Birders wonder: What has happened to the large flocks of other spring migrants usually seen here?


 

Despite no significant appearance of spring migrants in Corpus Christi, this spring has not been at all silent, thanks to extended visits at hospitable feeders all over town by red-winged blackbirds.
   Most of these birds have not yet come into their finished breeding plumage. The red and yellow patches on their wings do not always show up well and they may look like plain black birds. Females are difficult to identify because they are very unlike males. They are brown above and heavily streaked below, with a white line over each eye. Males arrive several weeks before females - they do not travel together.
   Red-winged blackbirds are flocking birds. Any description of them that does not mention this gives an incomplete impression. They move in large assertive, highly vocal flocks. In fact, part of their scientific name, Agelaius, means flocking.

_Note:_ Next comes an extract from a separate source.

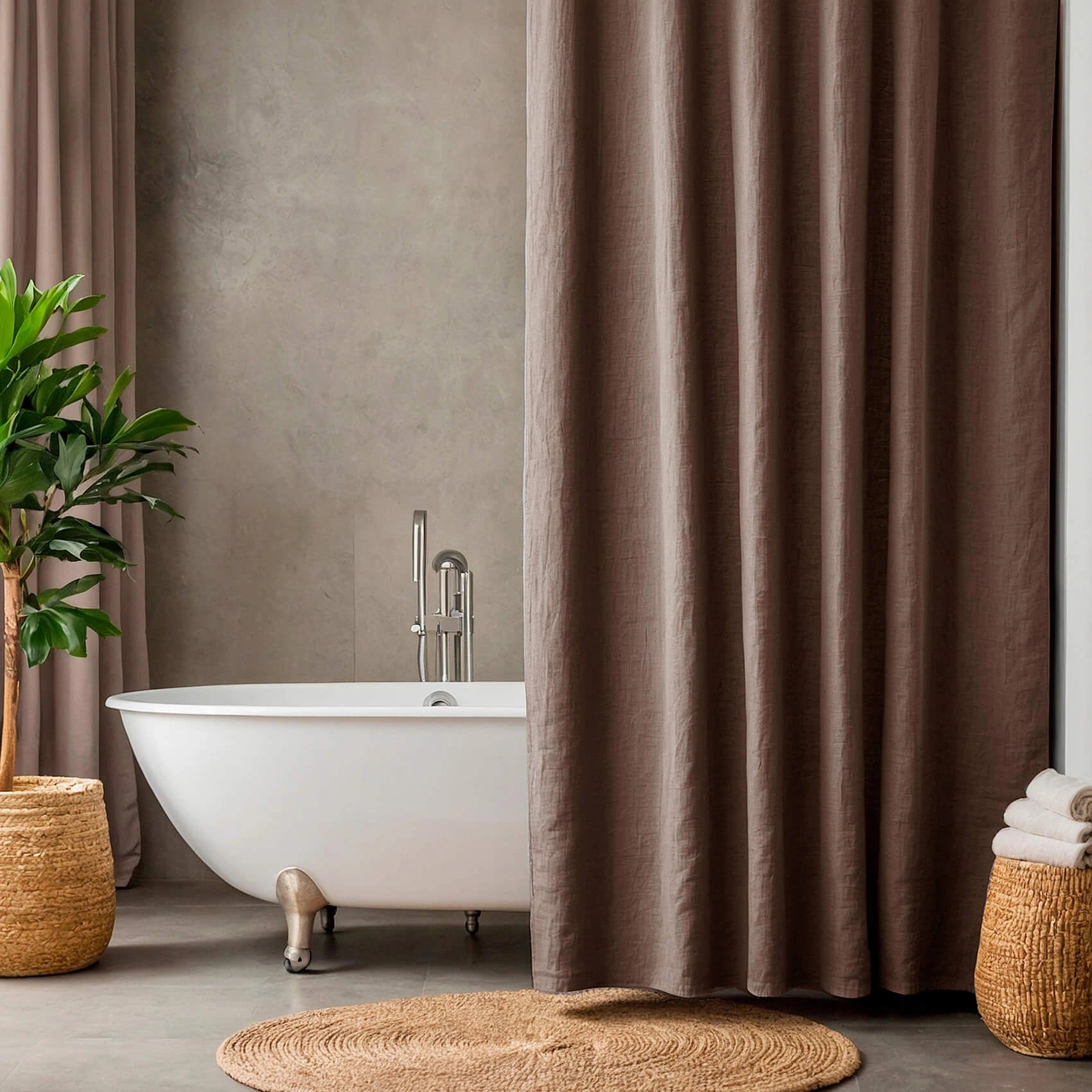 Linen Shower Curtain Panel Waterproof With Grommets (Eylets), Cocoa Brown Color, Heavy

   What they say is "oka-leeee." It comes across in a buzzy chorus of enthusiasm for whatever birdseed is provided. Birders sometimes complain because these hungry little birds can clean out the supply in short order. Their enunciation becomes better when males are claiming territories. Then they sit on the highest twig they can find, broadcasting resumes.

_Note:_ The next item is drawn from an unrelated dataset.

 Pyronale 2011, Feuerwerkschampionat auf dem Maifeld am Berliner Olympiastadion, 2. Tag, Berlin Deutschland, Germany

   However, they're not here to stay. They are only passing through on their way to marshes and sloughs from Atlantic to Pacific coasts where they will nest in bushes and small trees. Besides birdseed, red-winged blackbirds eat tremendous numbers of small insects.

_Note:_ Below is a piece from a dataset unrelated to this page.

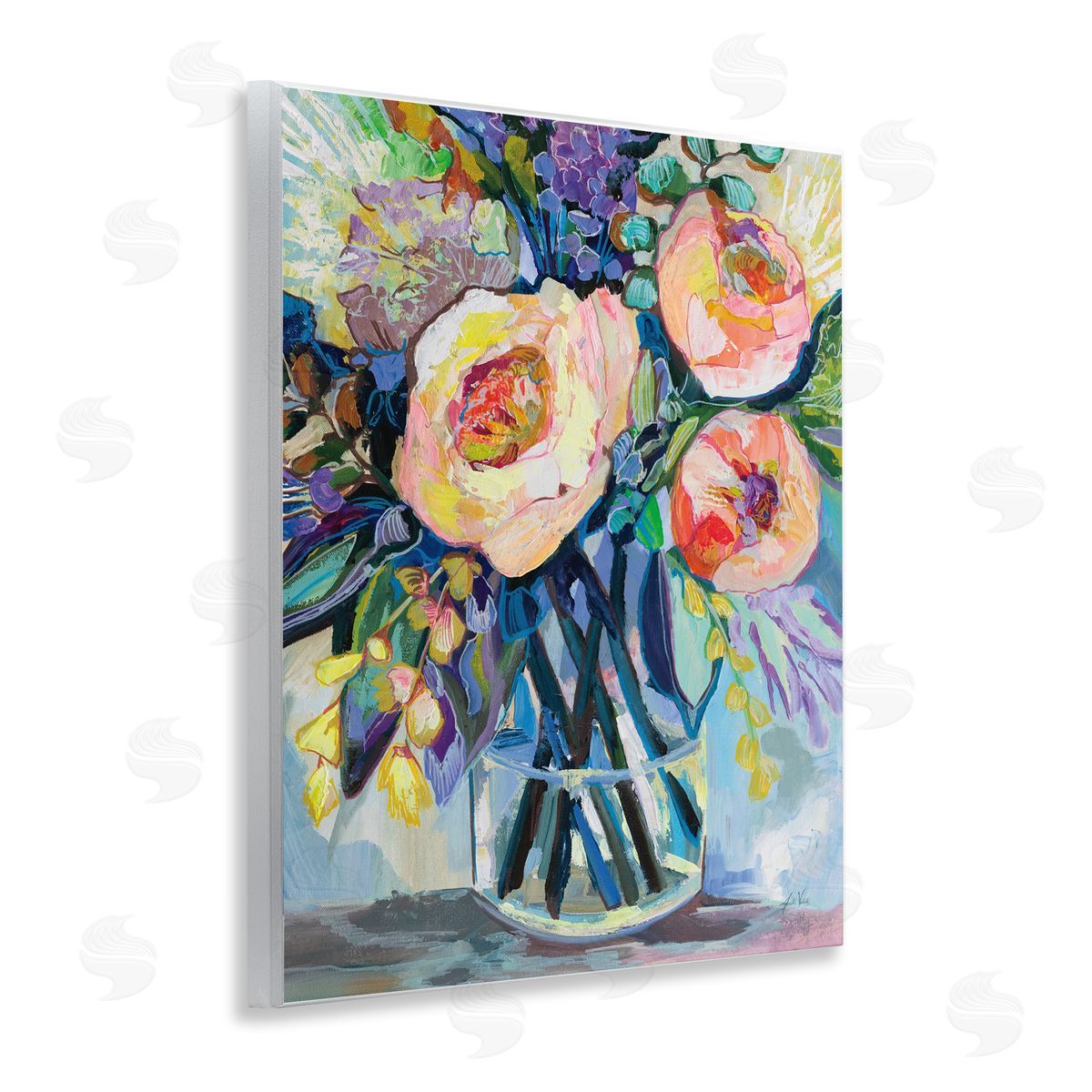 Jeanette Vertentes Enraptured Blossoms Bouquet Canvas Wall Art Print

   Oh, there have been sightings of other spring visitors ... a few yellow-throated warblers, northern parulas, black-throated greens, and Nashville warblers. Several orchard orioles have paused at Blucher Park and at least one indigo bunting. Scissor-tailed flycatchers were at Packery Channel park. What is going on?
   Some possibilities about the birds:
   1. They are passing safely over our heads and are already half way to their breeding destinations;
   2. it is the dreaded silent spring, the year when birds perished on the way to or on their wintering grounds; or,
   3. they have simply not yet arrived from the south. Patience has never been my long suit.
   Meanwhile I make almost daily trips to Packery Channel park and drop in at Blucher Park whenever possible.
   At last Sunday's Spring Birdwalk we found a sleeping Chuck Will's widow. Instead of diving away in alarm, the bird sneaked a sly peek at us from slitted eyelids and, staying where it was, pretended we were not there.
   Migrating Chuck Will's widows are one of the special pleasures of South Texas. They are large nocturnal birds that resemble common nighthawks. They sometimes end up in garages where they drop in exhaustion, scaring the owner out of her wits by flying up when the garage is entered. If startled, they open enormous, harmless, whisker edged maws and hiss in what they hope is a terrifying way.
  

  • The Audubon Outdoor Club will meet at 7:15 tonight at the Museum of Science of History. Rachel William will give a program on bird rehabilitation.
      
      



    Phyllis Yochem, a Corpus Christi resident, has studied birds of Texas since 1960.